__WORK ITEM__
This exercise calls for retyping every line below exactly, with the images omitted.
════════════════════
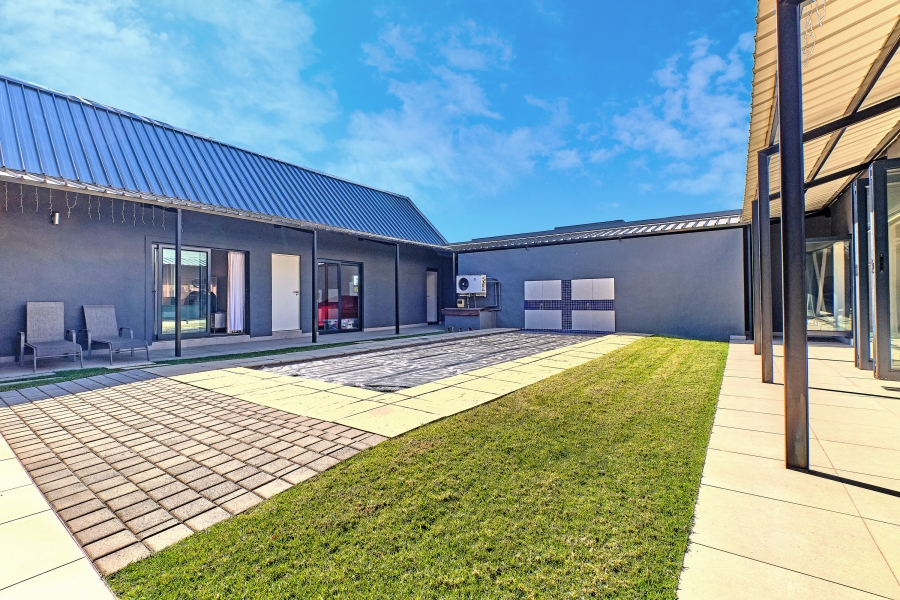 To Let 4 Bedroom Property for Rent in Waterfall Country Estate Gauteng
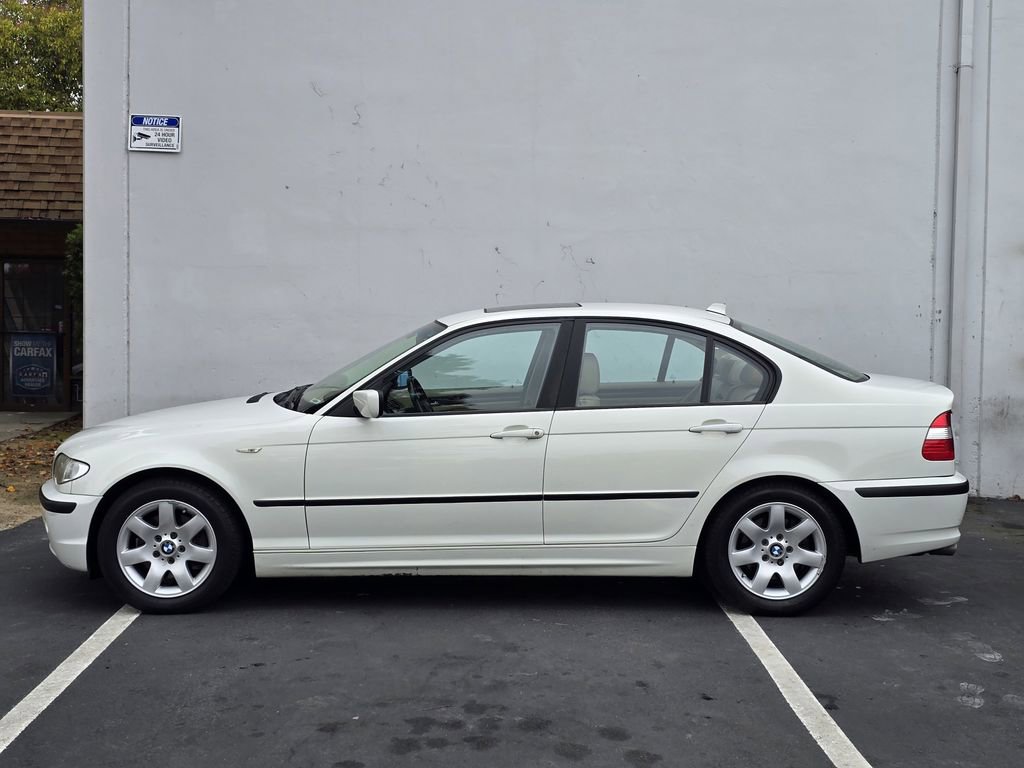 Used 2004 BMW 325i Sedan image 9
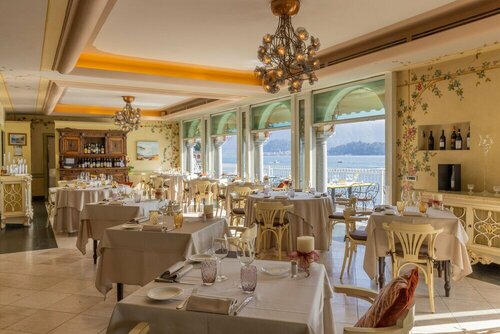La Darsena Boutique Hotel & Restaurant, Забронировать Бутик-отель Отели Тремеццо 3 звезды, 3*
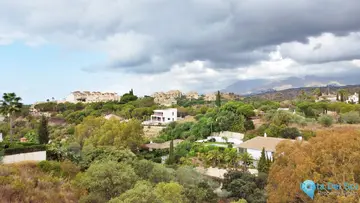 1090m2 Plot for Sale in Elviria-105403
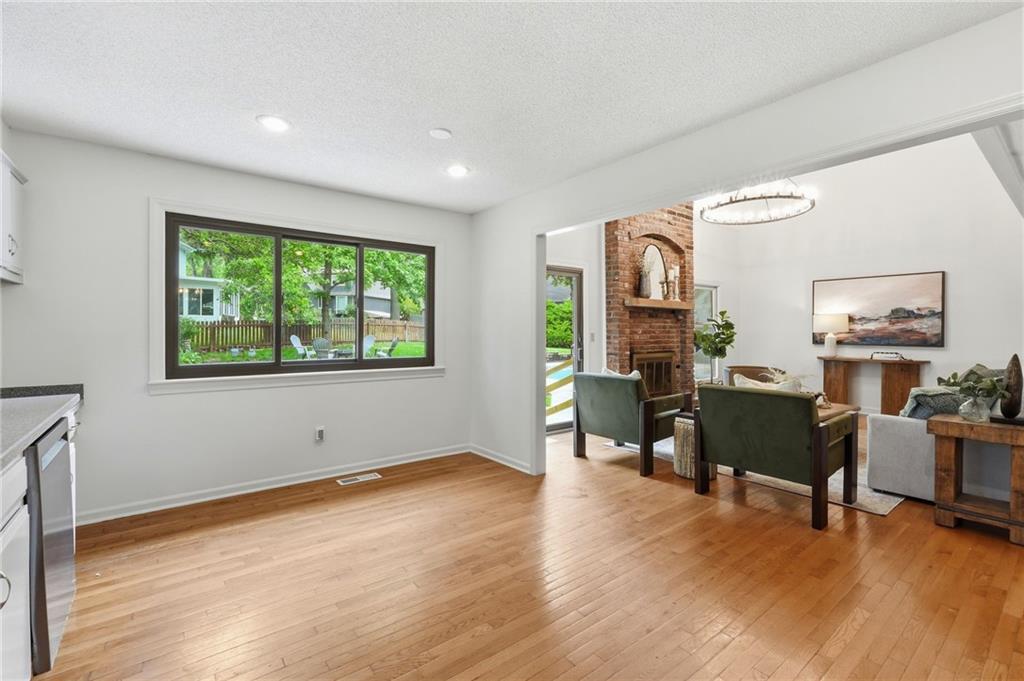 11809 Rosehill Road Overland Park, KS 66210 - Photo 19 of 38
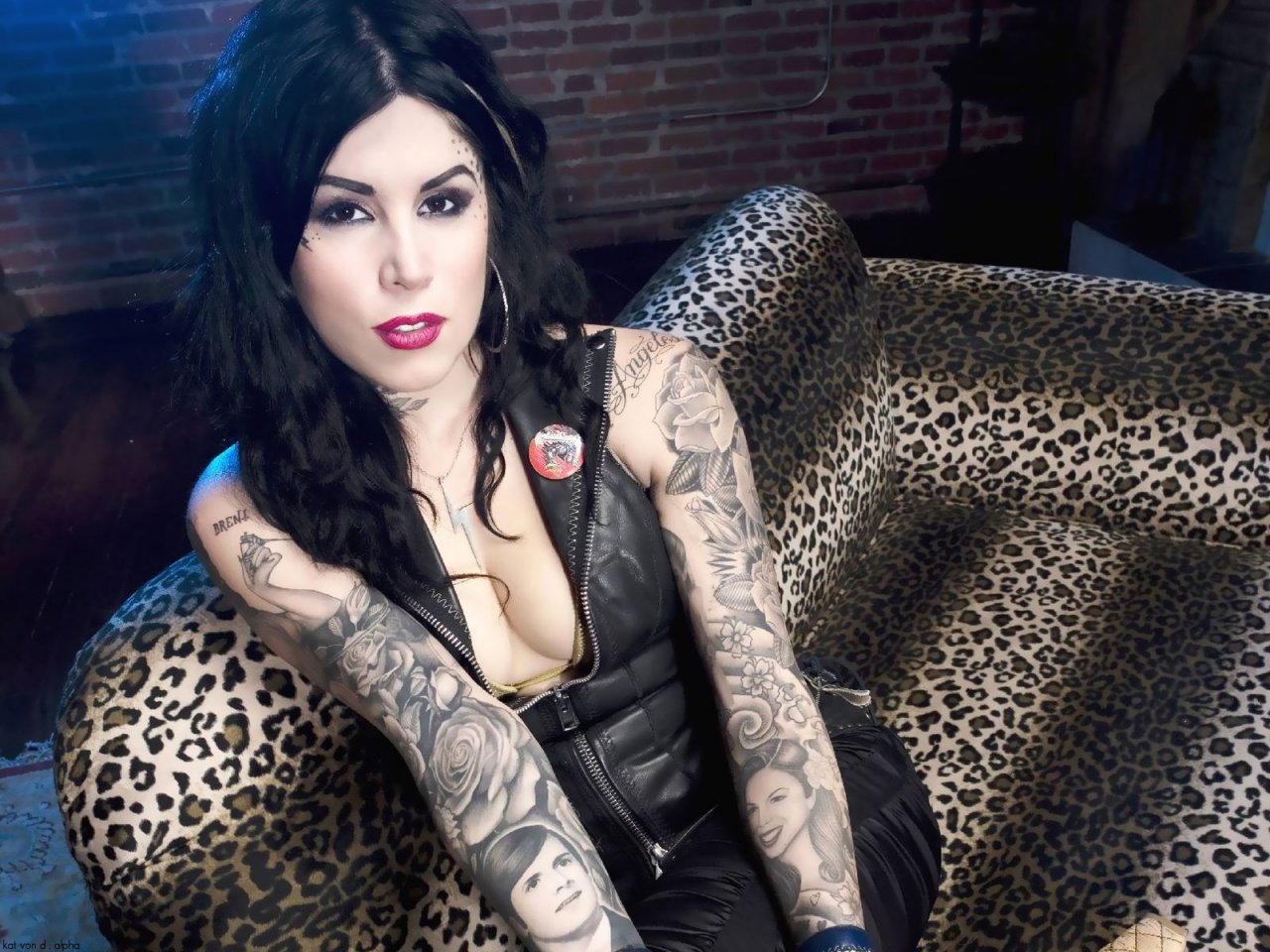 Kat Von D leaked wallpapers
════════════════════
__EXERCISE SOLUTION__
 To Let 4 Bedroom Property for Rent in Waterfall Country Estate Gauteng
 Used 2004 BMW 325i Sedan image 9
La Darsena Boutique Hotel & Restaurant, Забронировать Бутик-отель Отели Тремеццо 3 звезды, 3*
 1090m2 Plot for Sale in Elviria-105403
 11809 Rosehill Road Overland Park, KS 66210 - Photo 19 of 38
 Kat Von D leaked wallpapers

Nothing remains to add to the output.